“Where were you yesterday?”
Jack stopped short of the school’s main doors. Patty was there, bundled in her dark coat and scarf. Ringlets of her dark red hair peeked from beneath a furry hat. It reminded him of the big Russian bear from a Soviet propaganda poster he’d seen in the social studies book.
“Why are you grinning? I called your house twice and both times they said you weren’t there.”
“I was next door,” he said.
“What if something happened? What if I needed you to get Herbert? What if we were in… in an accident and in the hospital?”
“Did something happen?”
Patty planted her mittened hand on her hip. The other arm cradled the sack of flour. Along with the blue cap, now it also wore what looked like a large light blue sock. And a little red knit scarf was tied around the middle. Jack supposed that would be where Herbert’s neck was.
“No… but that’s not the point!” Patty’s cheeks were already rosy with the cold, and the color spread all over her face as her temper wound up. “If something had happened, how would you know?”
“Well, nobody said anything at dinner, so I guess you didn’t leave any messages,” Jack said. Was that what Charlotte had been grinning about last night? “And if you didn’t leave a message, then how would I know if anything happened?”
Patty’s brows came together. “You were next door.”
Jack nodded. “Yes.”
“So you were with her.”
“With Beth, yes. She has a name, you know.”
“She’s a smart girl, Jack. She doesn’t need your help.”
“What was it that you called about?”
“Don’t change the subject on me!”
Jack took a deep breath. It was cold, and stung his throat. He tried to remember the numbers that Beth always counted, when she was angry about something.
“The bell is going to ring. I have to get to homeroom.” He stepped around her, and pulled the door open.

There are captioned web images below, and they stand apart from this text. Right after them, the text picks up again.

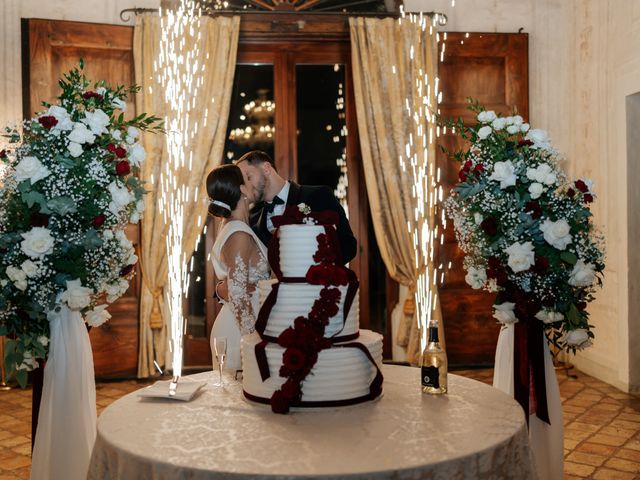 Il matrimonio di Simone e Elisa a Ravenna, Ravenna 116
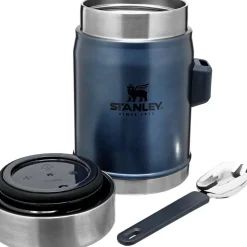 Stanley The Legendary Food Thermos 0,4 Litre Navy Blue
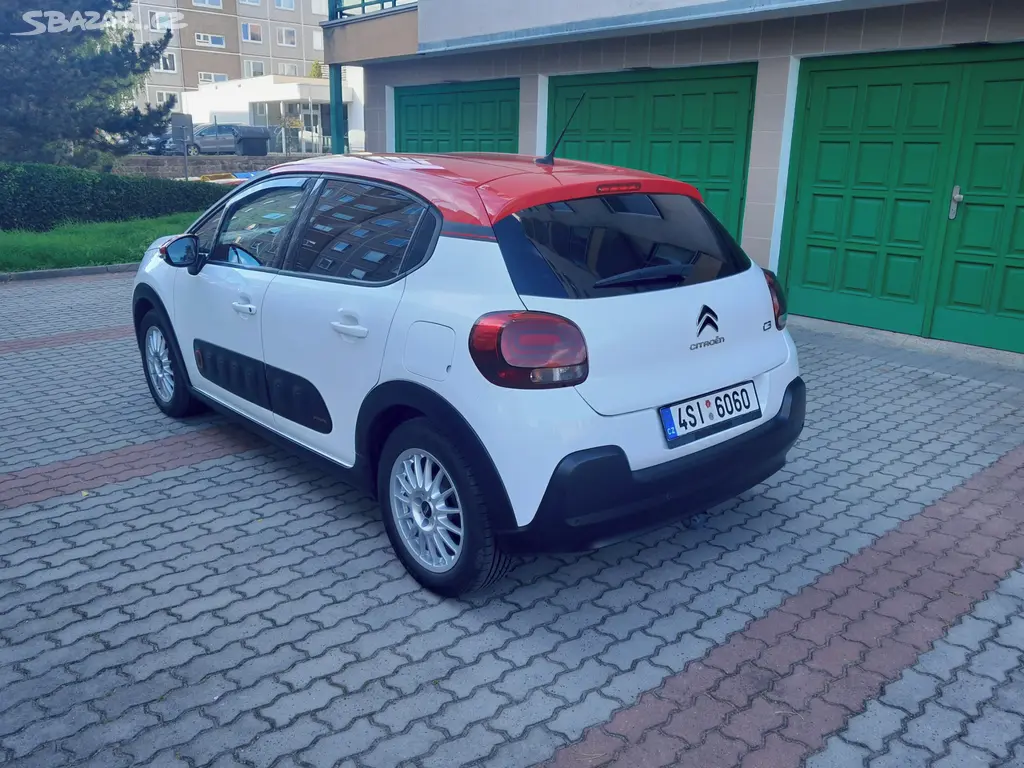 Citroen C3 1,2i 60KW Shine - fotka 4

“Don’t you walk away from me!”
“I was getting the door for you,” Jack said. “Now hurry on in before Herbert catches cold.”

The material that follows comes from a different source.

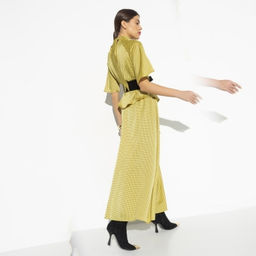 Комплект с юбкой Восторг очарования (2 в 1 с поясом) - Charutti фото 5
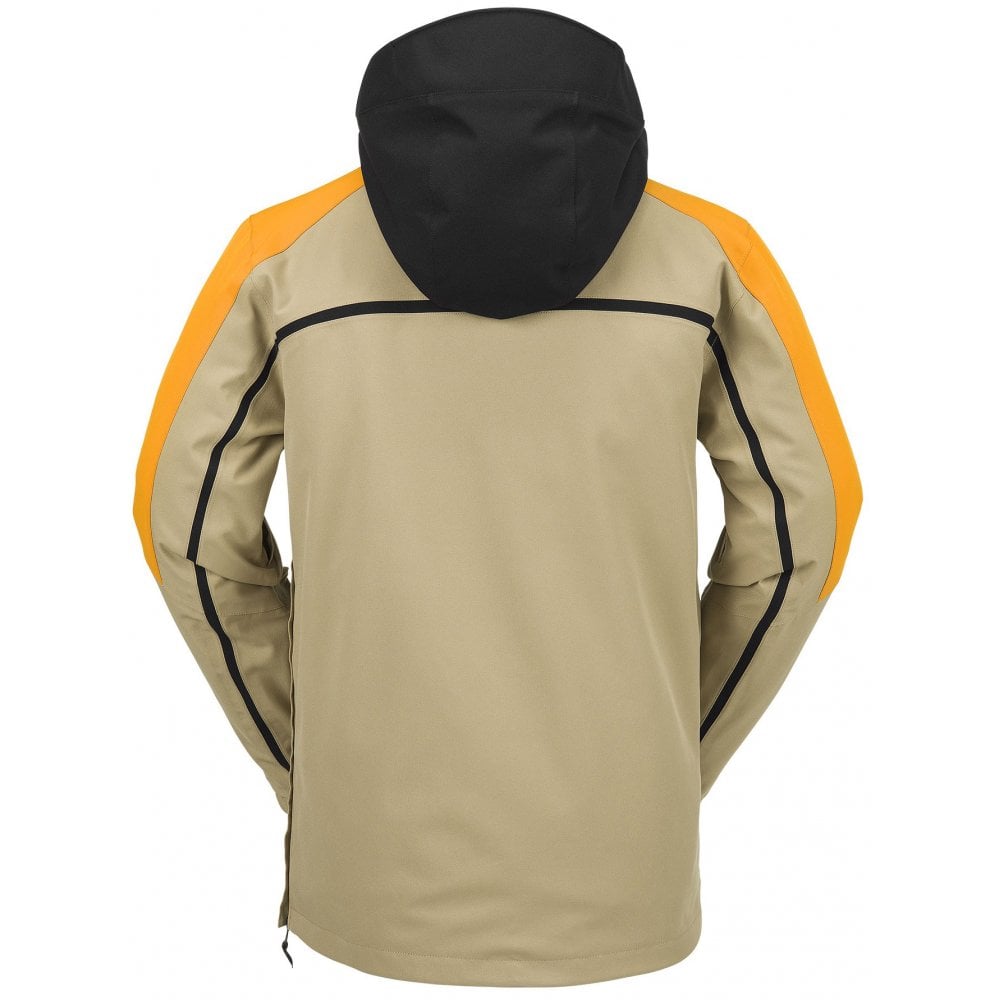 Volcom Brighton Pullover Jacket - The Snowboard Shop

She curled her arms around the blue-clad bag of flour, and dashed through the door.
* * * * *
“If I’d done it, she’d have yelled my head off,” Jack said, to Beth as they made their way to English class.
“Well, it sounds like she already did that.” She didn’t even try to hide the smirk.

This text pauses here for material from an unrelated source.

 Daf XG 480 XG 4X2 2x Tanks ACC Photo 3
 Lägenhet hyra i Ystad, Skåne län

“Standing out there, in that weather? What was she thinking?”
“Careful, Jack. You sound like a concerned parent.”
He laughed, and Beth’s smirk flowed into a genuine smile.
“Aww, look at the cute couple.”
Jack and Beth both froze at the gravely drawl of Kyle’s voice. The bigger boy pushed away from where he was leaning against the row of lockers, stomped over to stand next to Jack.
“Don’t you have a lab partner already, Shrimpy?”
“Everybody in our class does,” Jack said. “Oh, wait. Except you.”
Kyle’s perpetual frown deepened. He leaned closer. “Careful, Shrimpy. Wouldn’t want anything to happen to your little Egbert.”
Kyle pushed past them, giving Jack a shoulder check so hard the smaller boy staggered, nearly tripping as his backpack slipped off his arm.
The high, nasally voice carried above the dull roar of the hallway. Patty was just a few steps away, on the other side of the hall, her brown eyes wide behind her glasses.
“What was that all about? What did he mean?”
“It’s nothing,” Jack said. “Just Kyle being Kyle.” He stooped to pick up his backpack.
“How can you be so calm? Jack, he threatened our Herbert!”
“He’s just full of hot air.”
“Patty, don’t worry about him,” Beth said. “If Jack won’t handle him, I will.”
“Your ‘handling things’ got us into this!” Patty said, turning to Beth. “Just because your science project is ruined, don’t go dragging mine down with you.”
Jack pushed between the two girls, a hand going to Beth’s wrist as her hand balled into a fist.
“Enough,” he said.
“Jack, just keep away from her!” Patty said, pulling at his sleeve.
“I said enough!”
Silence rippled down the hallway, and if it didn’t have enough weight, then the stares from the packs of students around them piled it on.
Beth gave a twist of her arm, and Jack found himself holding empty air, a tingling pain in his thumb.
Beth stalked away, students pressing aside as she passed, leaving a wake of murmurs and whispers.
Jack didn’t know how Beth had done it, so he simply jerked his arm from Patty’s grip.
“Well, go on,” Patty said, her voice stiffening along with her posture.
“After her,” Patty said, a quaver in her voice.
“Are you nuts? She’d do worse than just twist my thumb if I tried to catch up to her.”
Patty gave Jack a long look, slowly shaking her head.
She looked away, down, reached her free hand for Jack’s injured one.
“All she ever does is hurt you.”
Jack’s hand twitched at the warm brush of the girl’s fingertips. He snatched his hand back, stuffing them both in the pockets of his coat.
“Come on,” he said. “We’ll be late for English.”